Chief of the Intelligence Department of the Ukrainian Military Organization's Command Osyp Dumin

9/28/2020
singleNews

Osyp Dumin was born on September 26, 1893 in the village of Hrushiv, Drohobych povit (district), Galicia. He studied at Lviv University, where he became an active participant of the youth movement and a member of the “Sich Riflemen” Society. During the First World War he was mobilized into the Austrian army, where after training he served as a junior officer in the Legion of Ukrainian Sich Riflemen. In November 1915 he was taken prisoner of war by the Russians, was in a POW camp in Yekaterynoslav region, and worked at iron ore mines in Kryvyi Rih.

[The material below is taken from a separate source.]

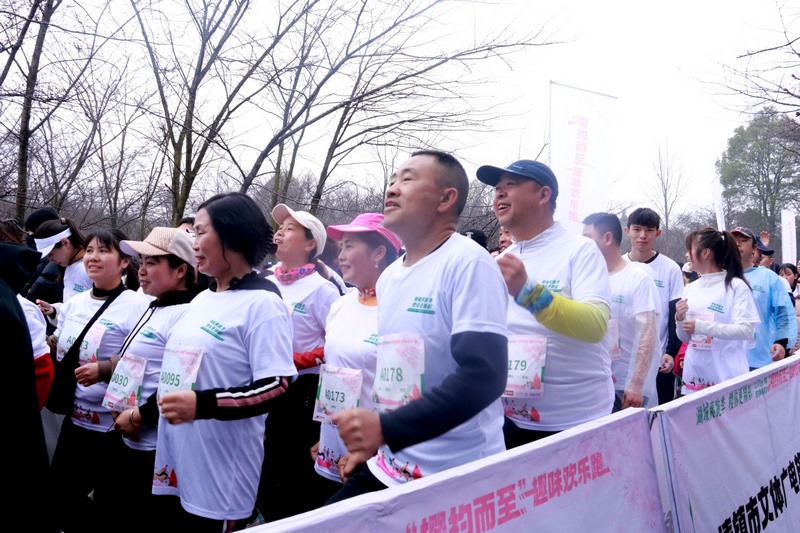 2024貴州·清鎮櫻花季系列活動“櫻約而至”趣味歡樂跑活動，朱祖華第一個沖出終點線。楊洪金攝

In late 1917, he secretly organized a group of captured Galicians, escaped from the camp and went to Kyiv, where the events leading to the declaration of the Ukrainian Central Rada were developing rapidly. Yevhen Konovalets, who at that time was forming a unit of the Sich Riflemen, appreciated Osyp's training and first appointed him commander of a chota (company), and soon – of a hundred. After the defeat of the Ukrainian People's Republic, Osyp was forced to return to Galicia, where he joined the local Ukrainian Military Organization. His experience was very useful for the underground. He immediately became a member of the intelligence department, and soon headed it.

At Dumin's demand, special attention in the intelligence work was paid to conspiracy. Personal direct contacts were minimized, the texts of messages were encrypted, a system of so-called “mailboxes” was used to transmit the collected materials, clothes and appearance were changed, and even make-up was used. The intelligence network led by Osyp Dumin grew rapidly and became large-scaled. The work was set up so that the down echelons knew only their leaders, in case of failure of one it was excluded that he would give away all the agents. Intelligence officers and messengers often knew each other only by pseudonyms.

Having left the leadership of the UVO intelligence, Osyp Dumin moved to Königsberg, where he immersed himself in literary and editorial work. He authored such works as “The History of the Legion of Ukrainian Sich Riflemen 1914-1918”, “The History of the Ukrainian Army”, “The Uprising Against Hetman Skoropadsky and Sich Riflemen” and others. Besides, he published in Ukrainian magazines many historical articles and memoirs about the liberation struggle.

At the end of World War II, Osyp Dumin was arrested by the Soviet NKVD and executed in May 1945 in Gdansk. During the investigation, he was reminded, among other things, of his consistent and uncompromising struggle for freedom and independence of Ukraine.